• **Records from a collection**
*** Block opens ***
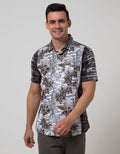 MOC Men Locklock Short Sleeve Shirt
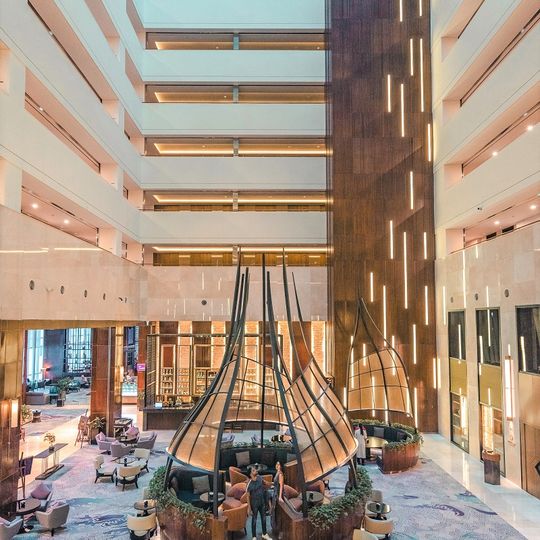 InterContinental Hanoi Landmark 72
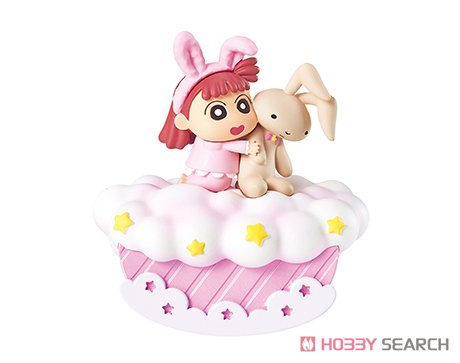 《夏本舖》日版 RE-MENT 蠟筆小新 晚安小新 風間徹 櫻田妮妮 正男 阿呆 小葵 春日部防衛隊 盒玩 中盒6入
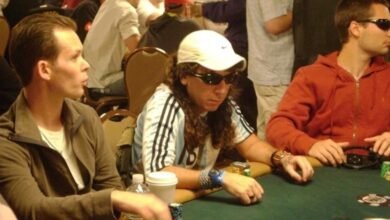 Marcelo Betbese Main Event Las Vegas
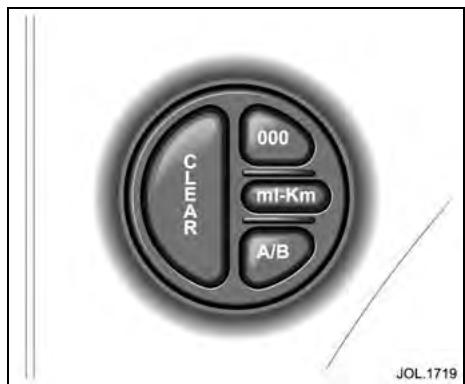 JAGUAR XK8 2004 - Remarque sur l'utilisation de l'ordinateur de bord : - 1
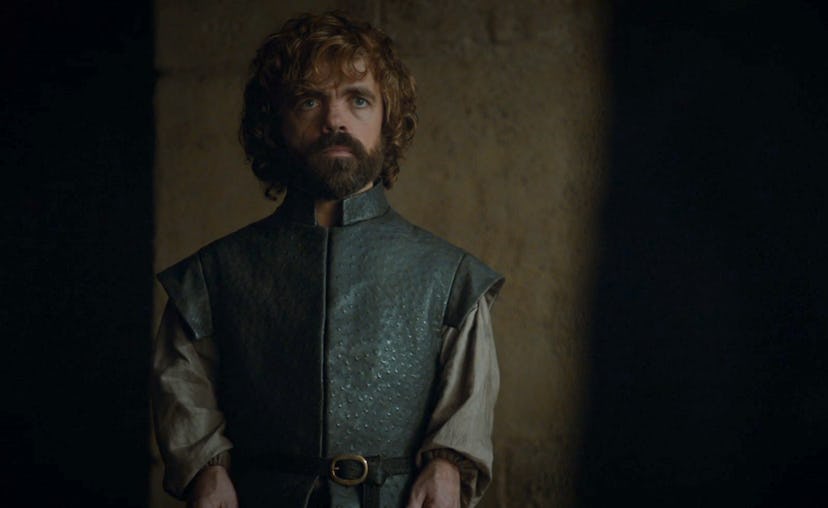 Peter Dinklage as Tyrion Lannister in Game of Thrones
*** Block closes ***
• **Task requirements**
An exact copy is needed of the lines running from the one with "JAGUAR XK8 2004" through the end of the data above, and of those lines only, without pictures.

• **Output for this exercise**
 JAGUAR XK8 2004 - Remarque sur l'utilisation de l'ordinateur de bord : - 1
 Peter Dinklage as Tyrion Lannister in Game of Thrones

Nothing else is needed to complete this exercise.